Sunday, 20 April 2025, 9:49 am

    WTO moratorium on tariffs on digital trade for review in early 2024

    The World Trade Organization (WTO) moratorium on customs duties on electronic transmissions, in force for over two decades, is for review early next year, with a few countries questioning the further extension of its suspension.

    The moratorium on customs duties on electronic transmissions (ETs) is not permanent and normally extended at two-year intervals ever since WTO members agreed in 1998 not to impose customs duties on such transmissions.

    The last extension was in June 2022 and due to lapse at the 13th WTO Ministerial Conference in February 2024, unless WTO members decide to make it permanent or temporarily extend it until the following Ministerial Conference.

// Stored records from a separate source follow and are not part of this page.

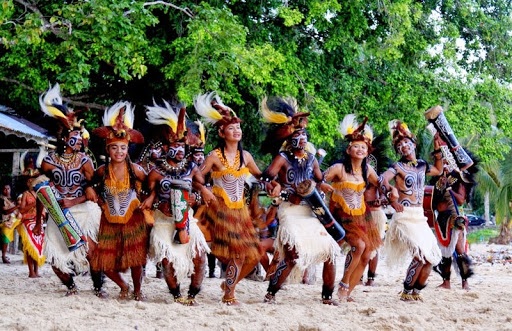 Foto Gerakan Tari Awaijale Rilejale Tari Papua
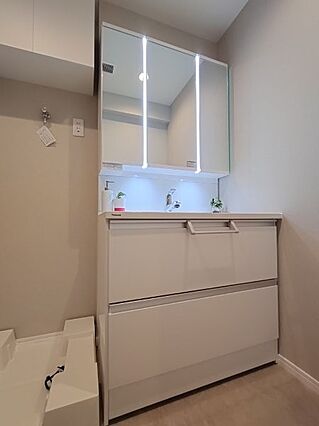 白を基調とした...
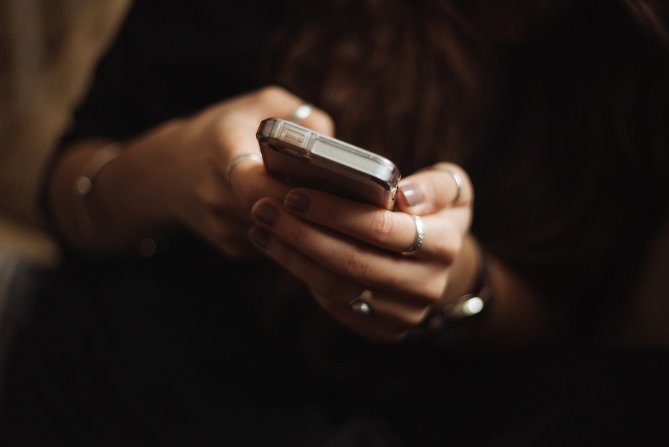 Le « cyberharcèlement », cheval de Troie de l’identité numérique – par Modeste Schwartz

    Although the term “electronic transmissions” is not defined, it is understood as trade delivered electronically, and encompasses anything from software, emails, and text messages to digital music, movies and video games, and blueprints for additive manufacturing. 

    Some WTO members, such as India, Indonesia, and South Africa, have argued the moratorium should be reconsidered to allow developing countries to determine the tax base for fiscal revenues, support domestic industries, and pursue other regulatory objectives.

    Others, including the European Union and G-7 countries, say a permanent moratorium is needed to reduce trade policy uncertainty in the affected industries.

    Many developing countries have not formulated an explicit position, according to a recent paper by the International Monetary Fund (IMF).
    WTO members who have expressed reservations are concerned primarily with forgone customs revenues. While they noted that digitalization has wide-ranging benefits, it also creates tax policy challenges.

    Digitalization has led to growing concerns about tax base erosion, profit shifting, and the resulting distribution of corporate tax bases across jurisdictions, said the IMF paper.

    In addition, digitalization poses a challenge for recording and administering domestic taxeson cross-border transactions in digital services and e-commerce, and it has income tax implications arising from increased cross-border telecommuting.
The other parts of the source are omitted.